Paramu Mafongoya is a Zimbabwean professor at the University of KwaZulu-Natal (UKZN) in South Africa, where he specialises in agriculture, earth and environmental sciences. He serves as the South African Research Chair (SARChI) in Agronomy and Rural Development at UKZN. He is affiliated with the African Academy of Sciences (AAS) and the Zimbabwe Academy of Sciences (ZAS). His work in agricultural research, development, education, and integrated natural resources management extends over three decades. He has authored more than 290 publications, including 190 articles in peer-reviewed journals, 49 chapters in peer-reviewed books, and 2 books. His research areas include agronomy, climate science, soil science, and agroforestry.

==Early life and education==
Born on 23 October 1961 in Zimbabwe, Mafongoya completed his BSc (Hons) in Agriculture at the University of Zimbabwe in 1984. He then studied in the United Kingdom, earning his MSc in Applied Plant Sciences and his MSc in Agricultural Development from Wye College, University of London, in 1988 and 1990, respectively. He later earned his PhD in Agroforestry from the University of Florida in the United States in 1995.

==Career and research==
After earning his PhD, Mafongoya worked as a senior lecturer and head of the Department of Soil Science and Agricultural Engineering at the University of Zimbabwe from 1995 to 1999. He then joined the International Centre for Research in Agroforestry (ICRAF) as a principal scientist and regional coordinator for Southern Africa from 1999 to 2007. He also held positions at the Food and Agriculture Organization (FAO) of the United Nations, the International Atomic Energy Agency (IAEA), and the International Fund for Agricultural Development (IFAD).

In 2007, Mafongoya joined UKZN as a professor of agriculture, earth and environmental sciences. Since 2015, he has served as the SARChI chair in agronomy and rural development. He leads a research group that focuses on tropical resources, ecology, environment and climate, crop-livestock integration, and sustainable agriculture. He has mentored over 100 postgraduate students and postdoctoral fellows. He has collaborated with various national and international institutions and networks, including the AAS, the ZAS, the InterAcademy Partnership, the Network of African Science Academies, and the African Union.

==Selected publications==
Mafongoya has authored over 290 works, including 190 articles in peer-reviewed journals, 49 chapters in peer-reviewed books, and 2 books.

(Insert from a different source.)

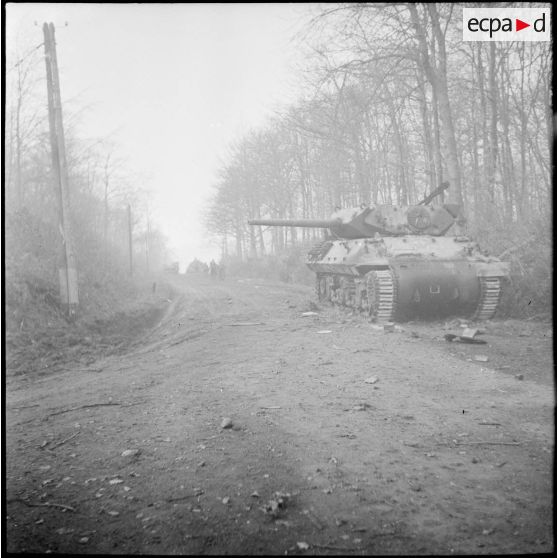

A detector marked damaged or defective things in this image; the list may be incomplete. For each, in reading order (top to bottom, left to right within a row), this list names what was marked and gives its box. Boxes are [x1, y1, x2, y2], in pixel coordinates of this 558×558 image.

damaged m10 tank destroyer [249, 185, 512, 324]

Some of his most cited works include:
- Giller, Ken E. (2015). "SSSA Special Publications"
- Mafongoya, P. L. (1997). "Decomposition and nitrogen release patterns of tree prunings and litter"
- Snapp, S.S (1998). "Organic matter technologies for integrated nutrient management in smallholder cropping systems of southern Africa"
- Palm, Cheryl A. (2001). "[No title found]"
- Mafongoya, P. L. (2007). "Appropriate technologies to replenish soil fertility in southern Africa"

==Awards and honours==
Paramu Mafongoya has received several recognitions for his contributions to science and society. He was named a Fellow of the Zimbabwe Academy of Sciences in 2013 and the African Academy of Sciences in 2018. He served as the vice-president of the Zimbabwe Academy of Sciences from 2017 to 2019. He was the president of the Soil Science Society of South Africa from 2015 to 2017, and its vice-president from 2013 to 2015. He became a member of the Academy of Science of South Africa in 2012, The World Academy of Sciences in 2010, the International Union of Soil Sciences in 2008, the Soil Science Society of America in 2007, and the American Society of Agronomy in 2007.